Hoy en día el matrimonio está sufriendo uno de los peores embates de su historia. De igual forma, en siglos pasados, diversos pensadores sostenían que para destruir los valores de la civilización occidental, antes habría que aniquilar el concepto de familia. Esas ideologías actualmente han vuelto a la carga con particular virulencia.
Ante la creciente propaganda de algunos políticos, figuras relevantes, intelectuales y ciertos medios de comunicación, existe el peligro que en los que sí creen en el matrimonio y en la familia les sobrevenga un estado de profundo desánimo, tristeza, de queja interna y concluir de manera pesimista que: “Esta situación social y pérdida de valores no tiene remedio”.
La verdad de las cosas es que es un error llegar a esta deducción. Desde el punto de vista antropológico y a través de muchos siglos en la historia de la humanidad, el matrimonio ha sido y sigue siendo la unión más estable por excelencia, la célula fundamental de la sociedad, en la que un hombre se une para toda la vida con una mujer en orden a tener hijos, a fundar una familia.
Es en el hogar donde se crían y educan a los hijos; dónde se recibe el afecto y cariño de los padres y hermanos; dónde se forjan los caracteres y personalidades; dónde aprenden los hijos a vivir las virtudes y valores para que, en el futuro, sean personas de bien; para que con un quehacer profesional prestigioso aporten un beneficio directo a la sociedad como ciudadanos responsables y participativos.

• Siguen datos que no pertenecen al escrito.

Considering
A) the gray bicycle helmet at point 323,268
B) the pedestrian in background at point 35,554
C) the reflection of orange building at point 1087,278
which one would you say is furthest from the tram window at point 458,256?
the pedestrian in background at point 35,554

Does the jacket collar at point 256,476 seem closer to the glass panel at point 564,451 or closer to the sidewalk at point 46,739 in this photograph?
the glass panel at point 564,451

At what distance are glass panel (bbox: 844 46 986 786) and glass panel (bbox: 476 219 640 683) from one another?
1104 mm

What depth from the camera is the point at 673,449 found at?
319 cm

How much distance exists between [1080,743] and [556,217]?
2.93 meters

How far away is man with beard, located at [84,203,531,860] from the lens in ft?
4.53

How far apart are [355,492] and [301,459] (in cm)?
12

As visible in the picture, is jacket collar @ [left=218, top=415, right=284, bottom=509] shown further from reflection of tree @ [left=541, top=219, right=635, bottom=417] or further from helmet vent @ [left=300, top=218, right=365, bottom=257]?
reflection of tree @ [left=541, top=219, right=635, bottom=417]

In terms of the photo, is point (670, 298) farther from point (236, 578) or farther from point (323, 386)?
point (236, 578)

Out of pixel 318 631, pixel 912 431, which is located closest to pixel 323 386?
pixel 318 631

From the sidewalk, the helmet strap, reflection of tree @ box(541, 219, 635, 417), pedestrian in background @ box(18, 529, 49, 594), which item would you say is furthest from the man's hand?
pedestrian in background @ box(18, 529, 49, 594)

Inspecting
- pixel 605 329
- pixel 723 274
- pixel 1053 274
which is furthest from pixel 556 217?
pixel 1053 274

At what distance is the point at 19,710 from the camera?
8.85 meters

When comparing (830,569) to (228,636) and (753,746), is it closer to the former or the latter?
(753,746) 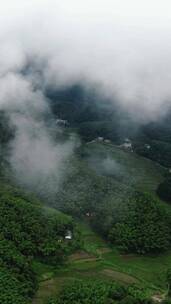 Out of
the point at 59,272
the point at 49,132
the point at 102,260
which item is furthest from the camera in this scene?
the point at 49,132

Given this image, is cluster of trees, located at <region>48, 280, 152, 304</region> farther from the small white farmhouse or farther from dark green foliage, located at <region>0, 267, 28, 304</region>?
the small white farmhouse

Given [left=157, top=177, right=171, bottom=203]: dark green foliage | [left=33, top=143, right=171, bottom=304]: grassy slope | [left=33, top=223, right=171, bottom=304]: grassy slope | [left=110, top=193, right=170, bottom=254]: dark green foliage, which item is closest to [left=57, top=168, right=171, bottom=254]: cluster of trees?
[left=110, top=193, right=170, bottom=254]: dark green foliage

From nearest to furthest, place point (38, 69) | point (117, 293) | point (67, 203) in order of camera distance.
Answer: point (117, 293) → point (67, 203) → point (38, 69)

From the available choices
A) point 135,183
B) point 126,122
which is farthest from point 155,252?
point 126,122

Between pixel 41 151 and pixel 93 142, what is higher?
pixel 93 142

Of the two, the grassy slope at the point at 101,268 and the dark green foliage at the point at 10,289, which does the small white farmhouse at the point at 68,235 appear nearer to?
the grassy slope at the point at 101,268

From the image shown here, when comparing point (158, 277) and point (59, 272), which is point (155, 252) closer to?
point (158, 277) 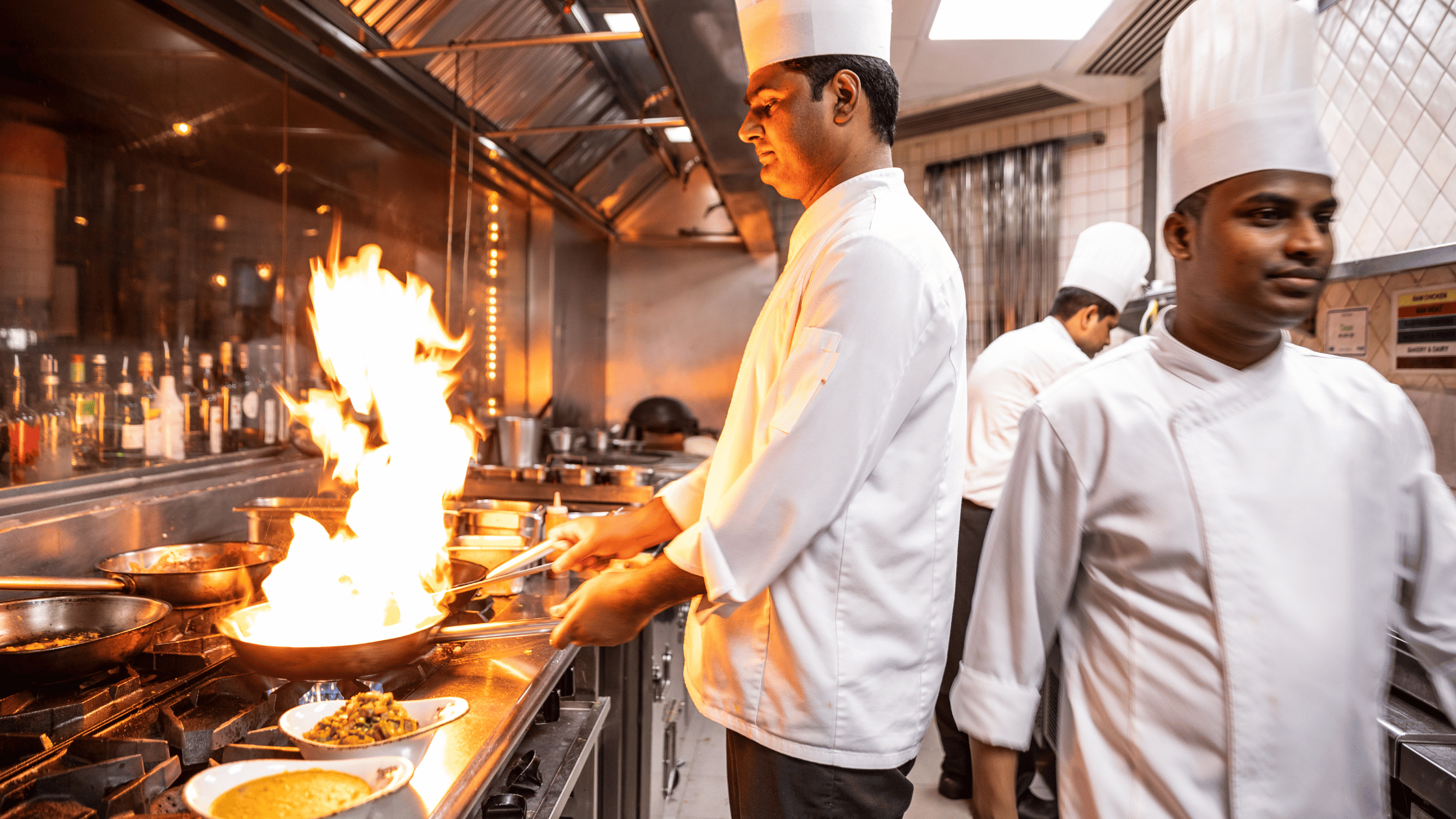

Sabemos que en la familia se juega el futuro de la humanidad, porque los valores que se transmiten van de generación en generación y de ese bagaje de virtudes, de positivos ejemplos y formativos conceptos, es lo que se denomina con el nombre de cultura. Y a esta “cultura familiar”, que ama y respeta la vida humana, pertenecemos.
Pero nadie nace sabiendo cómo ser buen padre o madre. Para cumplir adecuadamente con esas importantes funciones es necesario dedicar tiempo a los hijos y prepararse bien, por ejemplo, tomando cursos de orientación familiar o leyendo libros sobre cómo mejorar en la educación de los hijos.
Otro aspecto destacado es que unas familias pueden ayudar a otras familias que lo necesiten o requieran. Se puede brindar formación a los papás sobre los fines del matrimonio (unidad e indisolubilidad); sobre la importancia de la fidelidad conyugal; acerca de dar buen ejemplo a los hijos (“Fray ejemplo, es el mejor predicador”, dice el proverbio); experiencias enriquecedoras que unos padres pueden pasar a otros sobre cómo explicaron a sus hijos la sexualidad, el noviazgo; cómo educaron a sus hijos en la fe; en la práctica de determinadas virtudes humanas, etc.
Pero quizá lo que más conmueve a las otras familias es cuando unos matrimonios con sus hijos les ofrecen, con naturalidad, un testimonio de alegría, de unión, de cordialidad, de buen humor y optimismo y es que el ejemplo arrastra.
Me gusta ver con detalle esas fotografías en las aparecen los abuelos -que cumplieron 50 años de casados (o más)- y figuran sus hijos, sus nietos y varios bisnietos. Los semblantes de alegría de todos los integrantes de esa familia, comenzando por el gozo y el sano orgullo de los abuelos, lo dice todo. “Un ejemplo dice más que mil palabras”, se suele decir, y una familia unida y feliz hace un bien enorme a otras familias y a la sociedad entera.